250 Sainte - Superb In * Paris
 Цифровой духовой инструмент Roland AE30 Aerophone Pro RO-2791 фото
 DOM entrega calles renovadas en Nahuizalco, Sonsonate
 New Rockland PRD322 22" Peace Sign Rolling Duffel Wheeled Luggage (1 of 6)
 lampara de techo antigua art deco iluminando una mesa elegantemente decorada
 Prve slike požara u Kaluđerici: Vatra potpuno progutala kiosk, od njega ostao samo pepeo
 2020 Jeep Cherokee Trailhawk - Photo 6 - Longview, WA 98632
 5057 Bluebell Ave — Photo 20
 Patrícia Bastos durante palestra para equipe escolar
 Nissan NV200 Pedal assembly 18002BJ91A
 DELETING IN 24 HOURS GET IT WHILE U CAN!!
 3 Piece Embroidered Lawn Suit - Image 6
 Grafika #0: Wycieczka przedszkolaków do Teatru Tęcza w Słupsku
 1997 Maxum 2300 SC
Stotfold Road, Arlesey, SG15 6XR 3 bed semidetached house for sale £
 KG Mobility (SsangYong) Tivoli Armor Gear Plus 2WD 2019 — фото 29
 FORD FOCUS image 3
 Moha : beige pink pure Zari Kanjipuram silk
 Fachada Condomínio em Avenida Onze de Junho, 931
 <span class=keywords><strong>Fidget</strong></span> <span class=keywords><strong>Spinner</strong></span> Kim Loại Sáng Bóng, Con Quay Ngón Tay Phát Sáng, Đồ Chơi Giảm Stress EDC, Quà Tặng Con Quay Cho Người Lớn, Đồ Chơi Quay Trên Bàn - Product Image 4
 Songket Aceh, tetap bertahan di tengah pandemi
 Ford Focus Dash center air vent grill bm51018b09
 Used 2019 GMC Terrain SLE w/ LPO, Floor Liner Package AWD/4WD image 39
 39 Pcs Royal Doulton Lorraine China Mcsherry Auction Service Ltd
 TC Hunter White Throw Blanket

• [Work item]
An exact repetition of all the entries is required.

• [Answer section]
250 Sainte - Superb In * Paris
 Цифровой духовой инструмент Roland AE30 Aerophone Pro RO-2791 фото
 DOM entrega calles renovadas en Nahuizalco, Sonsonate
 New Rockland PRD322 22" Peace Sign Rolling Duffel Wheeled Luggage (1 of 6)
 lampara de techo antigua art deco iluminando una mesa elegantemente decorada
 Prve slike požara u Kaluđerici: Vatra potpuno progutala kiosk, od njega ostao samo pepeo
 2020 Jeep Cherokee Trailhawk - Photo 6 - Longview, WA 98632
 5057 Bluebell Ave — Photo 20
 Patrícia Bastos durante palestra para equipe escolar
 Nissan NV200 Pedal assembly 18002BJ91A
 DELETING IN 24 HOURS GET IT WHILE U CAN!!
 3 Piece Embroidered Lawn Suit - Image 6
 Grafika #0: Wycieczka przedszkolaków do Teatru Tęcza w Słupsku
 1997 Maxum 2300 SC
Stotfold Road, Arlesey, SG15 6XR 3 bed semidetached house for sale £
 KG Mobility (SsangYong) Tivoli Armor Gear Plus 2WD 2019 — фото 29
 FORD FOCUS image 3
 Moha : beige pink pure Zari Kanjipuram silk
 Fachada Condomínio em Avenida Onze de Junho, 931
 <span class=keywords><strong>Fidget</strong></span> <span class=keywords><strong>Spinner</strong></span> Kim Loại Sáng Bóng, Con Quay Ngón Tay Phát Sáng, Đồ Chơi Giảm Stress EDC, Quà Tặng Con Quay Cho Người Lớn, Đồ Chơi Quay Trên Bàn - Product Image 4
 Songket Aceh, tetap bertahan di tengah pandemi
 Ford Focus Dash center air vent grill bm51018b09
 Used 2019 GMC Terrain SLE w/ LPO, Floor Liner Package AWD/4WD image 39
 39 Pcs Royal Doulton Lorraine China Mcsherry Auction Service Ltd
 TC Hunter White Throw Blanket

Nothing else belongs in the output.